By knowledge Comenius meant knowledge of nature and of man’s relation to nature.
Continuing Comenius Modernizes Education,
our selection from John Amos Comenius – Bishop of the Moravians, His Life and Educational Works by Simon Somerville Laurie published in 1892. The selection is presented in five easy 5 minute installments. For works benefiting from the latest research see the “More information” section at the bottom of these pages.
Previously in Comenius Modernizes Education.

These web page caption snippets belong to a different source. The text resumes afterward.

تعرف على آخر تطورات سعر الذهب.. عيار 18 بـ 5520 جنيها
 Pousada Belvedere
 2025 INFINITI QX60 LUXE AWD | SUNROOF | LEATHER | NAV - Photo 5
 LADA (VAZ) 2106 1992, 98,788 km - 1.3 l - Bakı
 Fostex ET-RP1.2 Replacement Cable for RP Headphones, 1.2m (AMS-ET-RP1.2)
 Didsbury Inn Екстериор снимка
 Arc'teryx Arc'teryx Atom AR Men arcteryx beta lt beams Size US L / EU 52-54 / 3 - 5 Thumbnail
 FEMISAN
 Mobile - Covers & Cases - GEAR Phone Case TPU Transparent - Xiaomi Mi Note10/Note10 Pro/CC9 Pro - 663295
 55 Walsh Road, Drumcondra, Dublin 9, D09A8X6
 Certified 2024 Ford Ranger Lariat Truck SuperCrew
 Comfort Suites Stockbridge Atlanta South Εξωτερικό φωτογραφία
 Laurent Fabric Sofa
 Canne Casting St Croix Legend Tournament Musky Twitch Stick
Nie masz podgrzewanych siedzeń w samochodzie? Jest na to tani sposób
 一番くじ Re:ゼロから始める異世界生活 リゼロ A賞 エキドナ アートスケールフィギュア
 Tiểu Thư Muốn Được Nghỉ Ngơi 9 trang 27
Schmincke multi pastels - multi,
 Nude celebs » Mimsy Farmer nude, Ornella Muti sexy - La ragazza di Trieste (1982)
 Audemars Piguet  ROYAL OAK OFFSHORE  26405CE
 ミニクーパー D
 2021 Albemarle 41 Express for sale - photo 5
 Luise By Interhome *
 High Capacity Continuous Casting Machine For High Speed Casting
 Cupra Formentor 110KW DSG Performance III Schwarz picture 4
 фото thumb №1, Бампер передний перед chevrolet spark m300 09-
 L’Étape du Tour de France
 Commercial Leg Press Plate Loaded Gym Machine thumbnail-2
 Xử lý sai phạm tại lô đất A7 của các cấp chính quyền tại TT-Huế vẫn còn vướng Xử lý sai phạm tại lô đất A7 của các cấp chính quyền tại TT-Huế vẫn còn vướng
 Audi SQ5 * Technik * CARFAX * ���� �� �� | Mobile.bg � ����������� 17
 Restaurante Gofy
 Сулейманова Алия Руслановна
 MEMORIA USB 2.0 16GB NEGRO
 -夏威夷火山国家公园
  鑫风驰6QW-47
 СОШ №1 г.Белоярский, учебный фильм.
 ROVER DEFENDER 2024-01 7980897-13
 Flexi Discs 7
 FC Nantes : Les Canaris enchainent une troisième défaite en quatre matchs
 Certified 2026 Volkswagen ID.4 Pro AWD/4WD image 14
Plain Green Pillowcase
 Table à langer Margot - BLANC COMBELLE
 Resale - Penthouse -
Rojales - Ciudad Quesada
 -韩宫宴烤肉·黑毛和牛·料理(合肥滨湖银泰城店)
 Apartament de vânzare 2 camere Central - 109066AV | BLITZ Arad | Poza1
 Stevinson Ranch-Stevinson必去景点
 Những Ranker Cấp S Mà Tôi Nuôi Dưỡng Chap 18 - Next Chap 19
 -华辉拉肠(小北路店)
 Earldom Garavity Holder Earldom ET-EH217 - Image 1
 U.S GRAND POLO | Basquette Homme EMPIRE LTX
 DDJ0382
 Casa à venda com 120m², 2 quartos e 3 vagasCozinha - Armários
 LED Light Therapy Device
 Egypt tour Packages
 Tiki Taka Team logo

The educational spirit of the Reformers, the conviction that all — even the humblest — must be taught to know God, and Jesus Christ whom he has sent, was inherited by Comenius in its completeness. In this way, and in this way only, could the ills of Europe be remedied and the progress of humanity assured. While, therefore, he sums up the educational aim under the three-fold heads of Knowledge, Virtue, and Piety or Godliness, he in truth has mainly in view the last two. Knowledge is of value only in so far as it forms the only sound basis, in the eyes of a Protestant theologian, of virtue and godliness. We have to train for a hereafter.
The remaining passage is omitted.